Can you speak briefly to the change? What motivated it? How's it been working out?
For context, I'm an engineer that uses Postgres heavily, with some basic BigQuery + Redshift. I don't understand what the benefit of something like Clickhouse are over a standard warehouse.
Druid and Clickhouse are OLAP systems. The key here is “online” as in they are optimized to answer queries in a matter of milliseconds. Maybe things have improved, but RedShift is not really an OLAP system. The last time I used RedShift was back in 2015 and it took it tens of seconds or even minutes to answer the queries that Druid could answer in just a few seconds; the Druid cluster was a third of the cost too, AWS was charging us too much.
I love BigQuery, but I look at it more as a background processor for queries over huge datasets. With BigQuery you have some real limitations on the number of concurrent queries. Even if BQ was able to answer in seconds, your users would be reaching your concurrent query limit all the time.
In RedShift you can perform joins, but in Druid and Clickhouse you cannot, your data has to be denormalized. There are quasi-joins but they are not the same. If you are going to swap Redshift with Druid or Clickhouse, then you need to denormalize the data or design around the specific quasi-join concepts of these databases that abstract dictionary lookups.
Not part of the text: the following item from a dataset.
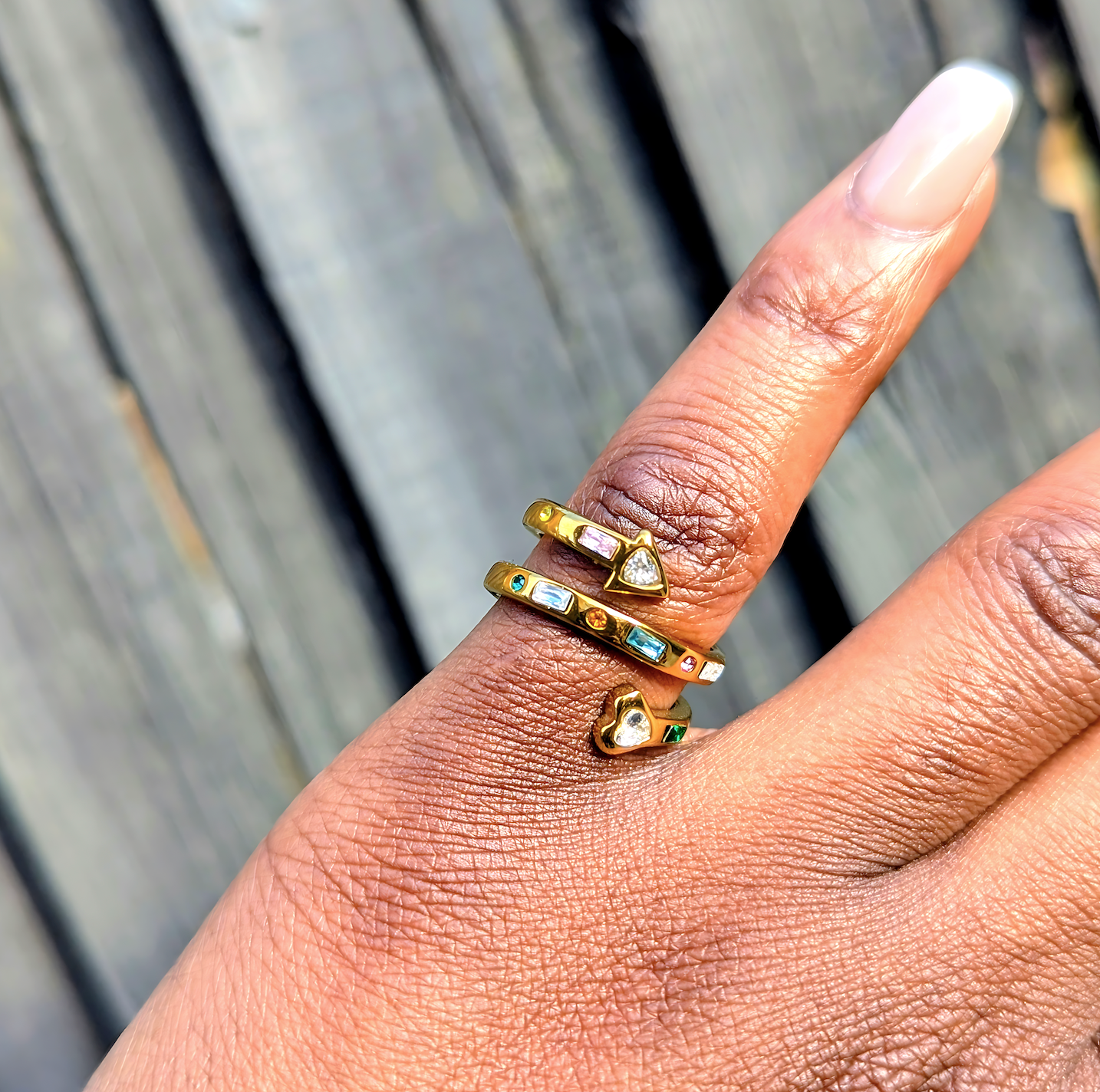 PREMIUM 'Rainbow Arrow' Ring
Druid is operations heavy compared to Clickhouse, while RedShift is just a few button presses. I started using Druid in 2014 and back then to set up a cluster you needed a decent understanding of orchestration. There are plenty of “minimal ops” solutions for Druid nowadays, but IMHO all they are doing is abstracting the problem and not really solving it. To run a Druid cluster, you need 5 or 6 node types and to arrive at the proper configuration of resources for your data needs will take you a lot of time. Clickhouse requires a single node type.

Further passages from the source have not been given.